Box 4-A Transportation Satellite Accounts: 2012

In 2014 transportation goods and services accounted for 8.9 percent, or $1.4 trillion, of U.S. gross domestic product. The TSAs show the importance of transportation to the national economy by mode. For-hire transportation contributed 2.9 percent to the national economy in 2012, while business-related in-house transportation contributed an additional 1.2 percent. Households contributed $295.6 billion (or an additional 1.8 percent) to the national economy through the use of private vehicles.  For-hire and in-house transportation includes both freight and passenger data because the individual contributions of for-hire and in-house passenger transportation are not available.

Figure 4-10 GDP Attributed to Transportation Mode: 2012

Between 2013 and 2014, real spending (output) on transportation-related tourism goods and services increased by 1.6 percent, to $310.9 billion, reflecting growth in tourism travel. In 2014 passengers spent $122.3 billion on air travel and $65.9 billion on gasoline purchases. Categories with the largest percent growth between 2013 and 2014 were travel arrangement and reservation services (9.9 percent), intercity charter bus services (8.7 percent), and passenger water transportation services (7.7 percent).
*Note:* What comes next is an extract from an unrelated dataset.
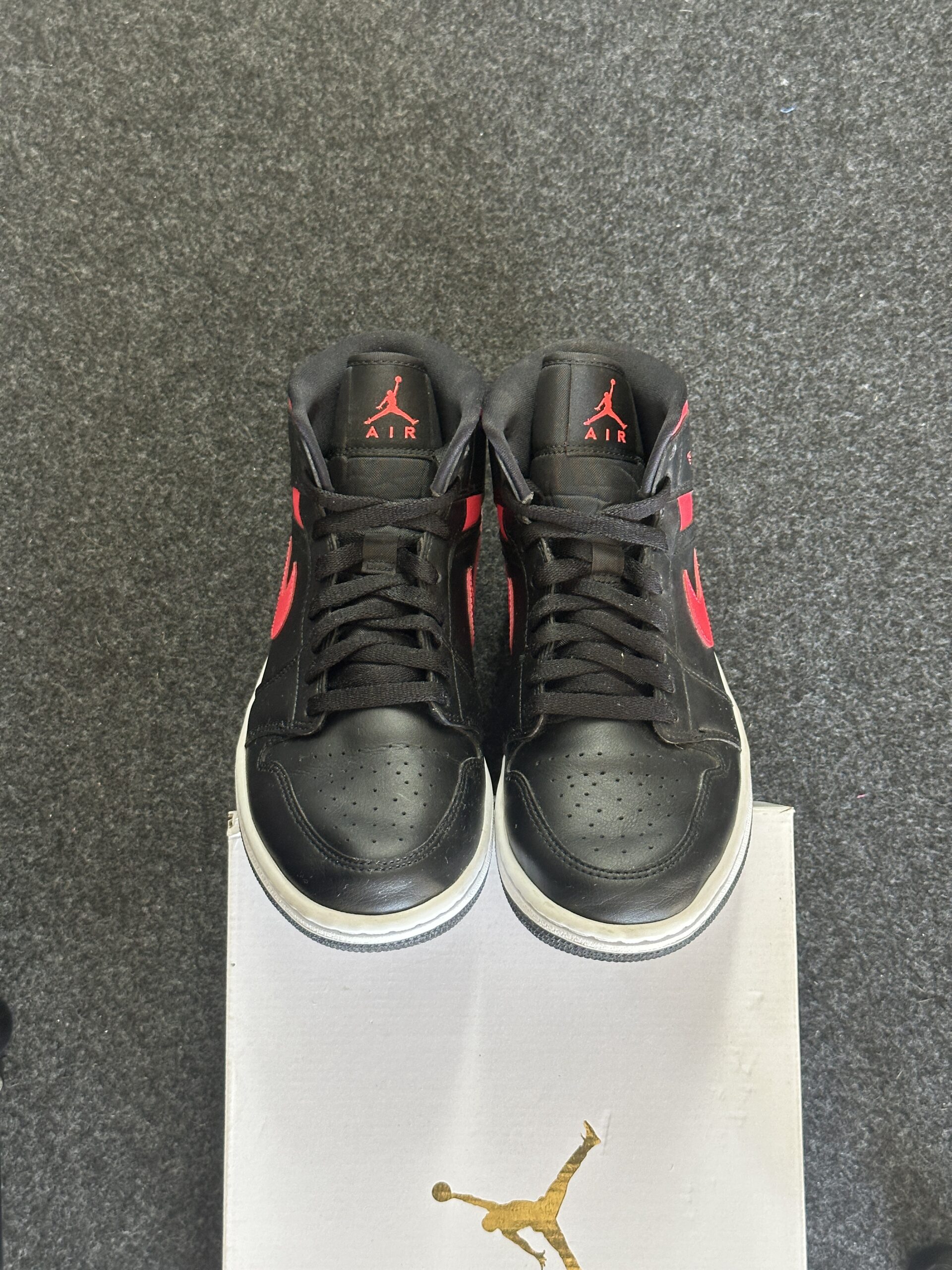 Air Jordan 1 Mid Siren Red BQ6472-004 taglia EU 40.5 vista punta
Table 4-1 Real Output by Transportation Related Tourism Services and Commodities: 2013 and 2014

Employment and Occupations in Passenger Travel

In 2014 the entire transportation-related labor force employed 13.1 million people, occupying about 9.4 percent of the labor force in the national economy. In the for-hire transportation sector, which provides transportation services for a fee, transit and ground passenger transportation employs the largest number of employees, occupying about 467,000 jobs in 2014. Air passenger transportation employed the second largest number of jobs (444,000) followed by rail transportation (236,000). Employment in nearly all for-hire transportation industries increased between 2000 and 2014, except air transportation, which dropped by 27.7 percent, attributing to the 5.8 percent overall decline in the transportation-related labor force.

Table 4-2 Employment in For-Hire Transportation and Selected Transportation-Related Industries: 2000, 2010 and 2014

Various occupations support the movement of people. In 2014 the largest occupations by total employment in passenger transportation sector were school or special client bus drivers (499,440), taxi drivers and chauffeurs (178,260), and transit and intercity bus drivers (158,050). However, although occupying a large number of jobs, many of these workers make a relatively low annual wage. Additionally, many of these occupations, such as taxi drivers and parking lot attendants, may work part-time or in more than one job, skewing their actual salary from what is shown in the data. In 2014 airplane pilots and flight engineers made the highest salaries, bringing in a median wage of $118,140 per year.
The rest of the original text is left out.